A type of document in the International Organization for Standardization portfolio of deliverables.
A technical specification (often abbreviated as spec) is an explicit set of requirements to be satisfied by a material, product, or service. Should a material, product or service fail to meet one or more of the applicable specifications, it may be referred to as being out of specification; the abbreviation OOS may also be used. Specs are a type of technical standard.
A technical specification may be developed by any of various kinds of organizations, both public and private. Example organization types include a corporation, a consortium (a small group of corporations), a trade association (an industry-wide group of corporations), a national government (including its military, regulatory agencies, and national laboratories and institutes), a professional association (society), or a purpose-made standards organization such as ISO. It is common for one organization to refer to (reference, call out, cite) the standards of another. Voluntary standards may become mandatory if adopted by a government or business contract.
Sometimes the term specification is used in connection with a data sheet (or spec sheet). A data sheet describes the technical characteristics of an item or product. It can be published by a manufacturer to help people choose products or to help use the products. A data sheet is not a technical specification as described in this article. In engineering, manufacturing, and business, it is vital for suppliers, purchasers, and users of materials, products, or services to understand and agree upon all requirements. A specification is a type of a standard which is often referenced by a contract or procurement document. It provides the necessary details about the specific requirements.
Specifications may be written by government agencies, standards organizations, trade associations, corporations, and others. A product specification does not necessarily prove a product to be correct. An item might be verified to comply with a specification or stamped with a specification number: This does not, by itself, indicate that the item is fit for any particular use. The people who use the item (engineers, trade unions, etc.) or specify the item (building codes, government, industry, etc.) have the responsibility to consider the choice of available specifications, specify the correct one, enforce compliance, and use the item correctly. Validation of suitability is necessary.

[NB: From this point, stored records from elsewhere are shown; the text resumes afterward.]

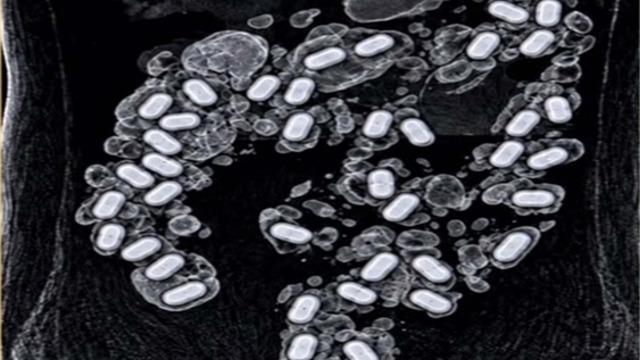 Havalimanında şüpheli yolcunun midesinden çıkanlar herkesi şaşırttı: 322 gram metamfetamin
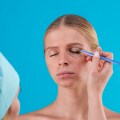 Does Eyelid Surgery Make You Look Younger?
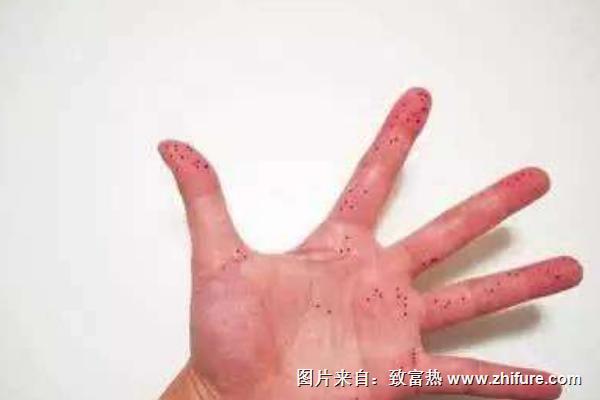 手上有辣椒很辣怎么辦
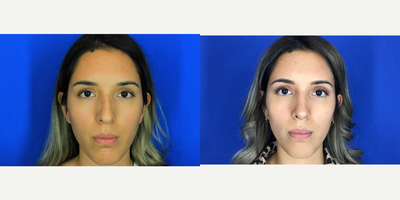 Rhinoplasty before and after photo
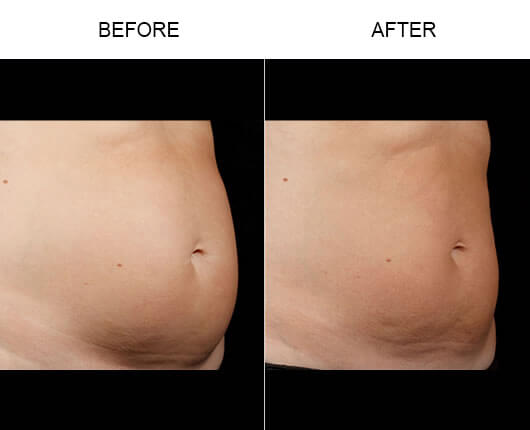 Laser Fat Removal Before & After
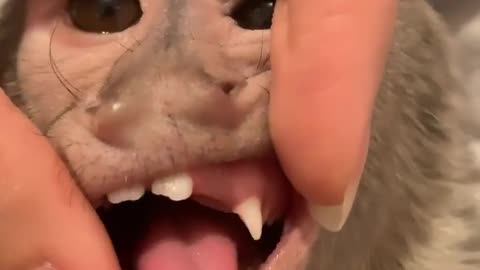 Money losts his teeth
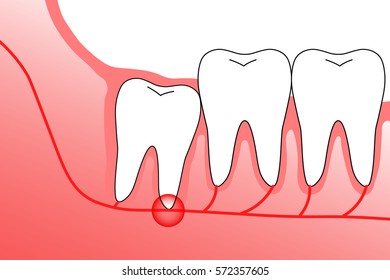 Illustration of wisdom teeth and nerves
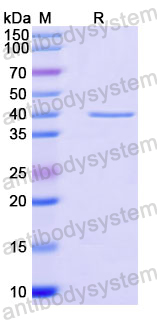 Recombinant Human PRPH Protein, N-His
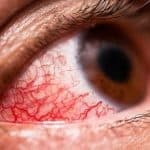 حقيقة انتقال فيروس كورونا بالعين.. هل سيتحول كوفيد25 لواقع؟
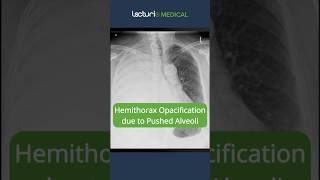 Hemithorax Opacification Pushed Alveoli Explained 🩺 ChestXray Radiology USMLE [upl. by Inamik]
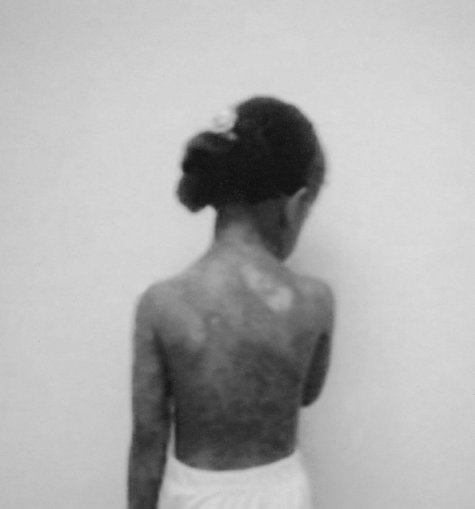 Fig. 7Complete healing with hypopigmented patches.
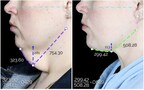 Example of the Five Layer Neck Lift Results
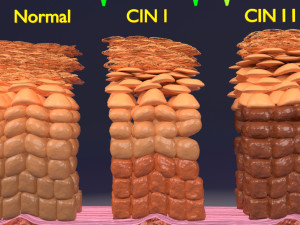 Cervical cancer dysplasia CIN Model 3D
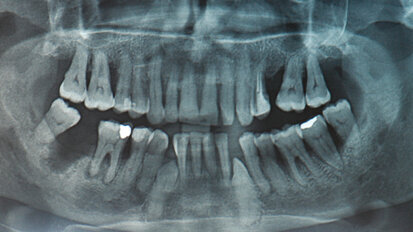 Protesi rimovibile superiore e inferiore su barra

A good engineering specification, by itself, does not necessarily imply that all products sold to that specification actually meet the listed targets and tolerances. Actual production of any material, product, or service involves inherent variation of output. With a normal distribution, the tails of production may extend well beyond plus and minus three standard deviations from the process average.
The process capability of materials and products needs to be compatible with the specified engineering tolerances. Process controls must be in place and an effective Quality management system, such as Total Quality Management, needs to keep actual production within the desired tolerances. Effective enforcement of a specification is necessary for it to be useful.